## WORK INSTRUCTION
Would you copy the lines below exactly and omit the images?

Short text fragments from websites:

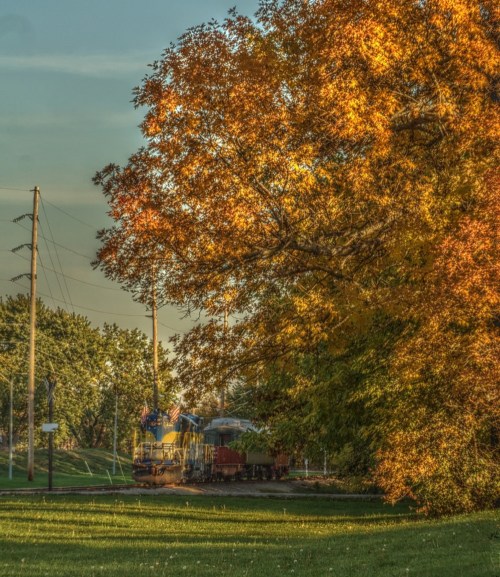 A train passes by vibrant autumn trees, with golden leaves illuminated by the warm evening light.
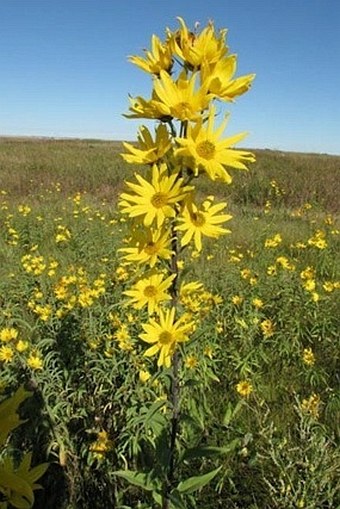 Helianthus maximiliani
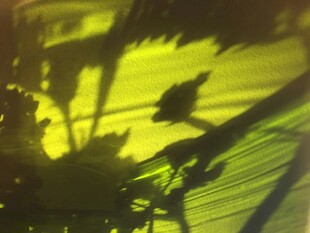 光影下的植物轮廓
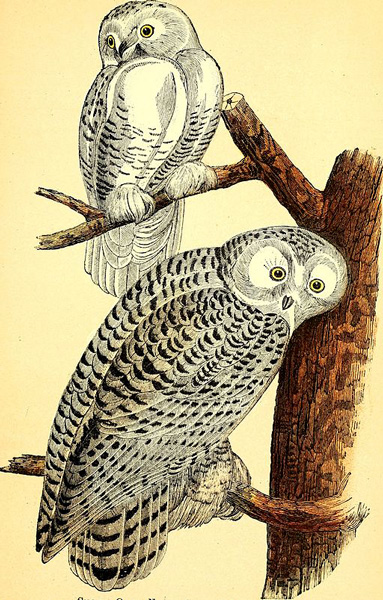 The_birds_of_New_England_owls(14755507855)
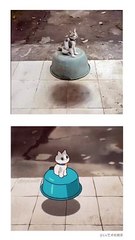 Reality vs. Picture: Funny & Interesting Content 📸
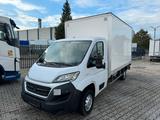 Fiat Ducato Koffer mit Ladebordwand - Holztransporter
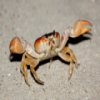 Crab Jigsaw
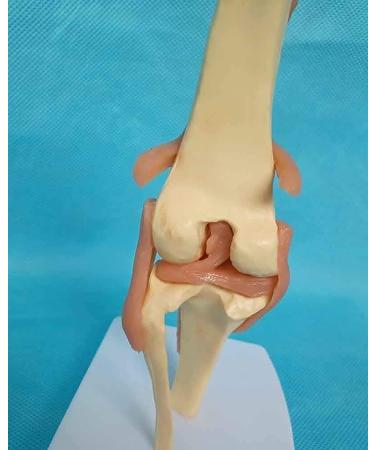 Knee Joint Model for Dogs/Dogs with Strap Animal Joint Skeleton Anatomical for Veterinary Lessons - Buy Online on GoSupps.com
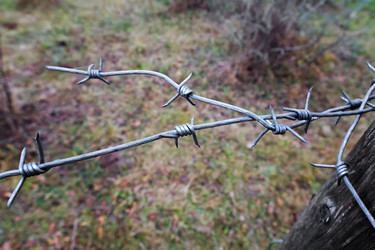 Similar image 6695180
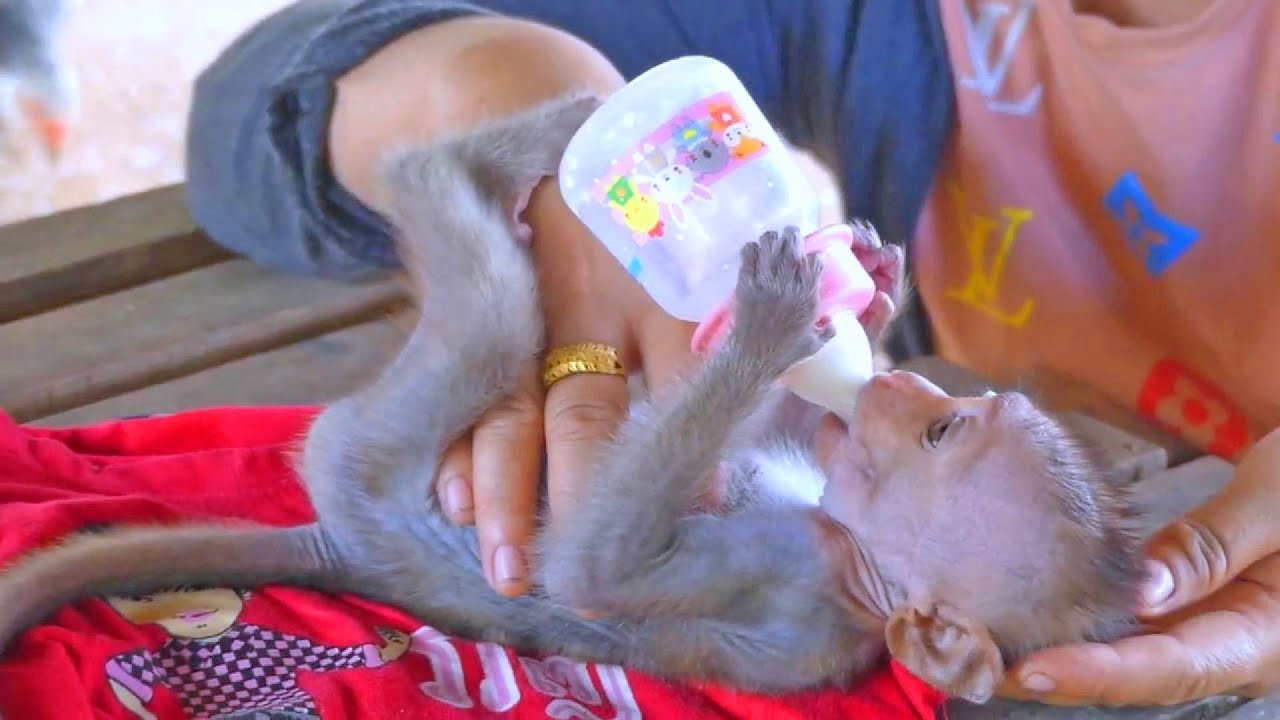 Baby Learns to Hold the Milk Bottle | Heartwarming Mother’s Lesson in the house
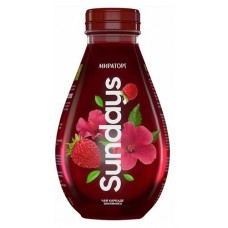 Напиток сокосодержащий Мираторг Sundays Каркаде-земляника охлажденный, 370 мл (kastd) в магазинах Ашан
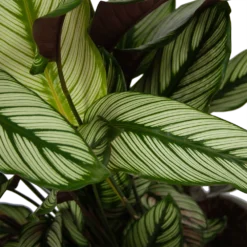 Calathea Whitestar - Schaduwplant - P32 H80 - Kamerplant -Natuur Hoek Verkoop calathea whitestar schaduwplant p32 h80 6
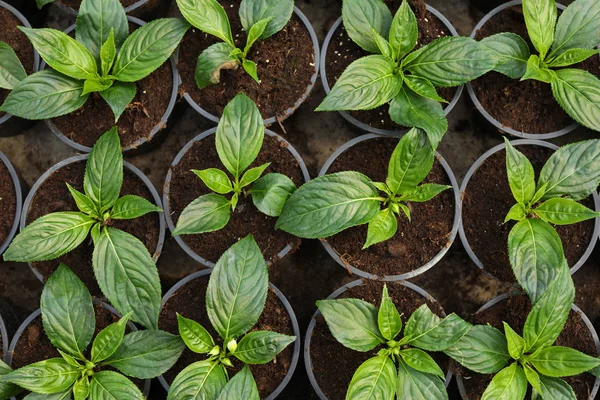 Plantules vertes fraîches poussant dans des pots avec terre, vue de dessus — Photo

## OUTPUT FOR THIS EXERCISE
 A train passes by vibrant autumn trees, with golden leaves illuminated by the warm evening light.
 Helianthus maximiliani
 光影下的植物轮廓
 The_birds_of_New_England_owls(14755507855)
 Reality vs. Picture: Funny & Interesting Content 📸
 Fiat Ducato Koffer mit Ladebordwand - Holztransporter
 Crab Jigsaw
 Knee Joint Model for Dogs/Dogs with Strap Animal Joint Skeleton Anatomical for Veterinary Lessons - Buy Online on GoSupps.com
 Similar image 6695180
 Baby Learns to Hold the Milk Bottle | Heartwarming Mother’s Lesson in the house
 Напиток сокосодержащий Мираторг Sundays Каркаде-земляника охлажденный, 370 мл (kastd) в магазинах Ашан
 Calathea Whitestar - Schaduwplant - P32 H80 - Kamerplant -Natuur Hoek Verkoop calathea whitestar schaduwplant p32 h80 6
 Plantules vertes fraîches poussant dans des pots avec terre, vue de dessus — Photo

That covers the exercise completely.